バーディーよりもチームの得点依存率は高い。
3月のFAカップ準々決勝(2-0)でチェルシーから奪った2ゴールは圧巻の一言。終盤に軽快なフットワークで4人をかわしてからゴール右下隅に決めて先制し、相手GKティボウ・クルトワの股間を抜く右足ダイレクトシュートで敵を突き放している。この2得点で「25」に伸びた今季の総得点数は、ルカクのパフォーマンスに一貫性が見られるようになっている証拠でもある。
一般的に若手には難しいとされるパフォーマンスの安定感は、ルカクにとっても課題だった。本人も「ビッグプレーヤーは開幕節から最終節までシーズンを通して仕事をする。自分もそうなりたい」と、意識して取り組んできた。
その甲斐あって、今季はプレミアでも30試合出場18得点と2試合に1点以上のペースでゴールを重ね、ハリー・ケインとジェイミー・バーディーとリーグ得点王を争っている。
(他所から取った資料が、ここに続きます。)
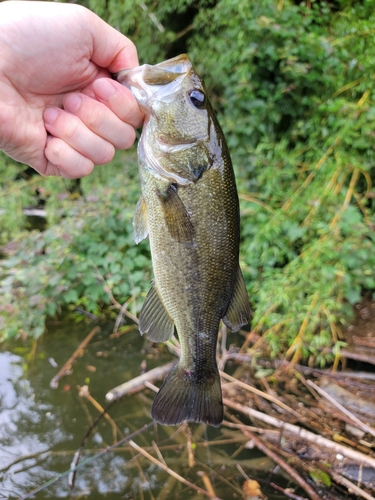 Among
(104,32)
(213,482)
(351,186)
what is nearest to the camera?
(104,32)

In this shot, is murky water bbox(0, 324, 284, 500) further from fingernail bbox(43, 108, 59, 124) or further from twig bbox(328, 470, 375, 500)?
fingernail bbox(43, 108, 59, 124)

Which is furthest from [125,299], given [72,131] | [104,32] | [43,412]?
[104,32]

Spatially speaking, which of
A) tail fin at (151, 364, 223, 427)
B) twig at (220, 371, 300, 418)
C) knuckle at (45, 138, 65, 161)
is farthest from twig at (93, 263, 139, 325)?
knuckle at (45, 138, 65, 161)

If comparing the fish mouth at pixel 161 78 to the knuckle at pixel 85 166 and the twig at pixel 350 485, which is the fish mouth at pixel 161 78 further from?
the twig at pixel 350 485

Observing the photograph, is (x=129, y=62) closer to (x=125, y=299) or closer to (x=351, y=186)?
(x=351, y=186)

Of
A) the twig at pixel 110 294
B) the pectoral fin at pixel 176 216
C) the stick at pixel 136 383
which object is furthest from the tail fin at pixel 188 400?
the twig at pixel 110 294

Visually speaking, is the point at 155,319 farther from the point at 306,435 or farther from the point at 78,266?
the point at 78,266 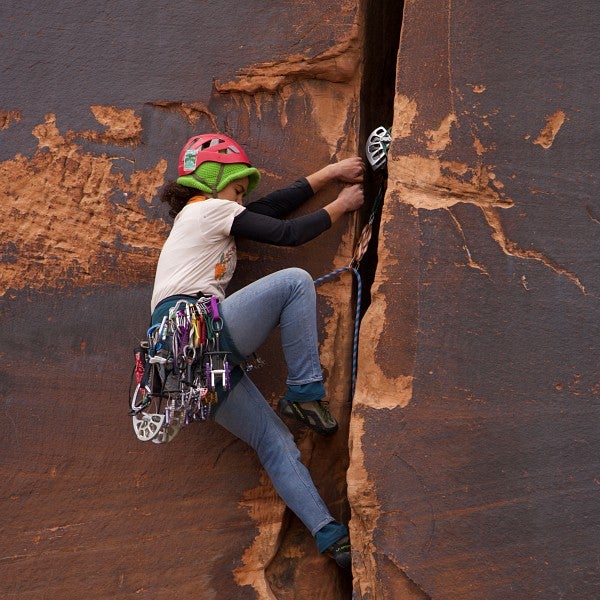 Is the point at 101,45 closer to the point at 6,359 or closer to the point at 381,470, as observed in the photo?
the point at 6,359

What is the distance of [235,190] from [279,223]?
0.90ft

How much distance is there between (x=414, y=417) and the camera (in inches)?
159

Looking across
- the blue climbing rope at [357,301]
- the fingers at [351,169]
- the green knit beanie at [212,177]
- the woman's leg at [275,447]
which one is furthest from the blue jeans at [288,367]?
the fingers at [351,169]

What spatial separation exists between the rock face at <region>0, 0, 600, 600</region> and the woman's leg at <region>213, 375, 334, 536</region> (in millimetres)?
162

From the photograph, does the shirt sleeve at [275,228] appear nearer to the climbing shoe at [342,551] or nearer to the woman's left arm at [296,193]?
the woman's left arm at [296,193]

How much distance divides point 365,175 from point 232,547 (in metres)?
1.68

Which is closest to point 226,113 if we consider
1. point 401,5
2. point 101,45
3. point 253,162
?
point 253,162

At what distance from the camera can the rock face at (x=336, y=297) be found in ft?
13.1

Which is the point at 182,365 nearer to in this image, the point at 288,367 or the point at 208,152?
the point at 288,367

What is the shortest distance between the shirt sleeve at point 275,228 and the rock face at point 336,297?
285 mm

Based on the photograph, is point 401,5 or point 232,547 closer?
point 232,547

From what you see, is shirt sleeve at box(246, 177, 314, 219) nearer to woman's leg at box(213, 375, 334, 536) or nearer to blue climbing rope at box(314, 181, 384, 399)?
blue climbing rope at box(314, 181, 384, 399)

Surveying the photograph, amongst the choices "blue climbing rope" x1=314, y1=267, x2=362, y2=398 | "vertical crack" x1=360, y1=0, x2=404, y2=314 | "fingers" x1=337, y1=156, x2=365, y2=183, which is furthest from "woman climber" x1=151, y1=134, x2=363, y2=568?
"vertical crack" x1=360, y1=0, x2=404, y2=314

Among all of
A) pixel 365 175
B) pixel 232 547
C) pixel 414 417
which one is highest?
pixel 365 175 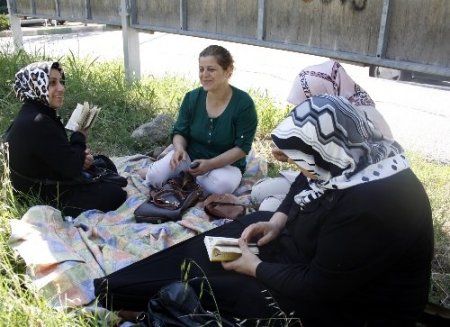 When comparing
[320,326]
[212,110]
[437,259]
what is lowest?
[437,259]

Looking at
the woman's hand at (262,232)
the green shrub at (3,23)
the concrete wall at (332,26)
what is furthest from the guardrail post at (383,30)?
the green shrub at (3,23)

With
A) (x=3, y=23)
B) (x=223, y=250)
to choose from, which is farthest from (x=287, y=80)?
(x=3, y=23)

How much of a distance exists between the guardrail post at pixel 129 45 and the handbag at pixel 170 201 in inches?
134

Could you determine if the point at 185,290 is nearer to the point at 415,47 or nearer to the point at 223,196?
the point at 223,196

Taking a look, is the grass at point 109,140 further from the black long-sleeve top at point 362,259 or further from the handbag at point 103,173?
the black long-sleeve top at point 362,259

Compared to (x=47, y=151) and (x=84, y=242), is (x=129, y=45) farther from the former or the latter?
(x=84, y=242)

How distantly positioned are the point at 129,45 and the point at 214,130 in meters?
3.35

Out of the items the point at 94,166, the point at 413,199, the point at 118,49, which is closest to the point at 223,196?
the point at 94,166

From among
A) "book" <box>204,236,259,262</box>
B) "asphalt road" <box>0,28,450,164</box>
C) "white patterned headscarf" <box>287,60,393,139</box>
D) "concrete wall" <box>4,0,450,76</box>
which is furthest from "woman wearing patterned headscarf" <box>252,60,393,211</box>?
"asphalt road" <box>0,28,450,164</box>

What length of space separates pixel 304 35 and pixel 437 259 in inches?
88.7

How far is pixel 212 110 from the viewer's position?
13.2ft

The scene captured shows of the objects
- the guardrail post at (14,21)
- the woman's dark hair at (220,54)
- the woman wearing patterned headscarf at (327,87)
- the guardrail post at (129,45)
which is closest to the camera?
the woman wearing patterned headscarf at (327,87)

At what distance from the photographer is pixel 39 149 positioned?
3191mm

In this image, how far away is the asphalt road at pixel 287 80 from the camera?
6250 mm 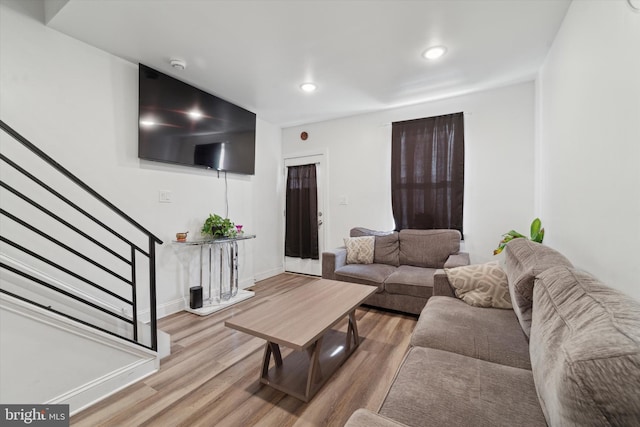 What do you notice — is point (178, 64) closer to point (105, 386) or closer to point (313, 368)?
point (105, 386)

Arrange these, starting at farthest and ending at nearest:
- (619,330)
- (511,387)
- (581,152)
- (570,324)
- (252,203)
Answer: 1. (252,203)
2. (581,152)
3. (511,387)
4. (570,324)
5. (619,330)

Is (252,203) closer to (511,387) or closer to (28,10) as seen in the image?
(28,10)

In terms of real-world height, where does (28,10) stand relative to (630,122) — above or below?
above

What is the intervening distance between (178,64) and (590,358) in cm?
325

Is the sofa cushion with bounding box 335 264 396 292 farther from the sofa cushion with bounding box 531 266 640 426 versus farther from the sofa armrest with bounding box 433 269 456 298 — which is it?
the sofa cushion with bounding box 531 266 640 426

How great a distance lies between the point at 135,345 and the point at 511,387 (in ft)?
7.01

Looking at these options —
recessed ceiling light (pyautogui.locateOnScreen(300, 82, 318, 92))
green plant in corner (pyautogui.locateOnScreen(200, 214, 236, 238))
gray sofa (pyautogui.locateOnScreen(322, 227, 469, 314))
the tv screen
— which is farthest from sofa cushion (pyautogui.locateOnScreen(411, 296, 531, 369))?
the tv screen

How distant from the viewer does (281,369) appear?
1828 mm

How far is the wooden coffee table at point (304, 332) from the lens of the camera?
1495mm

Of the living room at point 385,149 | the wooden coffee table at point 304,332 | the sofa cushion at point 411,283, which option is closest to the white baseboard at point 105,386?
the wooden coffee table at point 304,332

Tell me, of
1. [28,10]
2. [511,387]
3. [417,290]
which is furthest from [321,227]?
[28,10]

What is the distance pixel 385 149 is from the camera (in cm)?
375

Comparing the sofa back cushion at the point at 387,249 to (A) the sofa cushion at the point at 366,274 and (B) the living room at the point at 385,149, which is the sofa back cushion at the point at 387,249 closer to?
(A) the sofa cushion at the point at 366,274

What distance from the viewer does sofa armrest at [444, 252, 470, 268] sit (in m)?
2.51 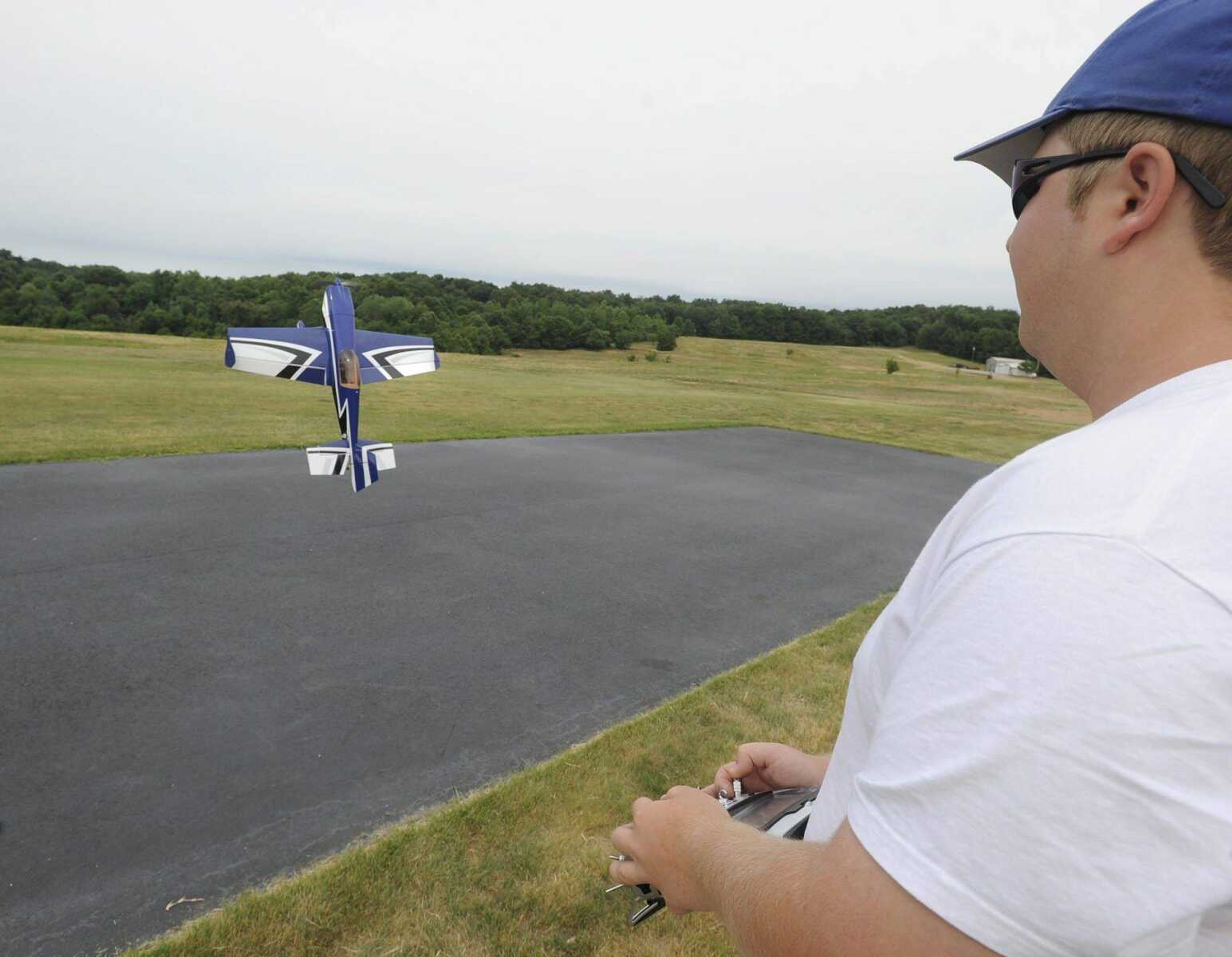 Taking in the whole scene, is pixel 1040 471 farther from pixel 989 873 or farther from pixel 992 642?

リーグ戦で、自身の得点がチームの得点に占める割合は35.3%。32試合出場22得点で得点王争いをリードするケインの38.6%には劣るが、34.5%のバーディーよりも依存率の高いチームの得点源だ。
エバートンの「基本がなってない」守備は改善せず。
そのチームに著しい進歩が見られれば、ルカクも移籍を考えることもなかっただろう。だが実際のエバートンは、むしろ後退気味。昨季は11位、今季も30試合を終えて12位と、CL出場を意味するトップ4からは遠ざかっている。
ポイント数を伸ばしきれない原因は、守備の甘さ。ロベルト・マルティネス監督が持つ攻撃志向の裏返しと言えばそれまでだが、識者の間で「基本がなっていない」とまで言われることも多い拙守は問題だ。リーグ戦3連敗のきっかけとなった29節ウェストハム戦(2-3)は、前半35分に退場者を出して10人だったとはいえ、ホームで後半に2点のリードがあったのだから逃げ切っているべきだった。
ちなみにルカクは、この試合でも1ゴール1アシストと仕事をしている。裏に抜けてからの左足というトレードマークのゴールで先制点をもたらし、相手DFを背負いながらもデリケートなタッチを披露して追加点をアシストした。自身の成長度にチームが追いつけていない状態なのだから、更なるステップアップを期して移籍を考えても当然だろう。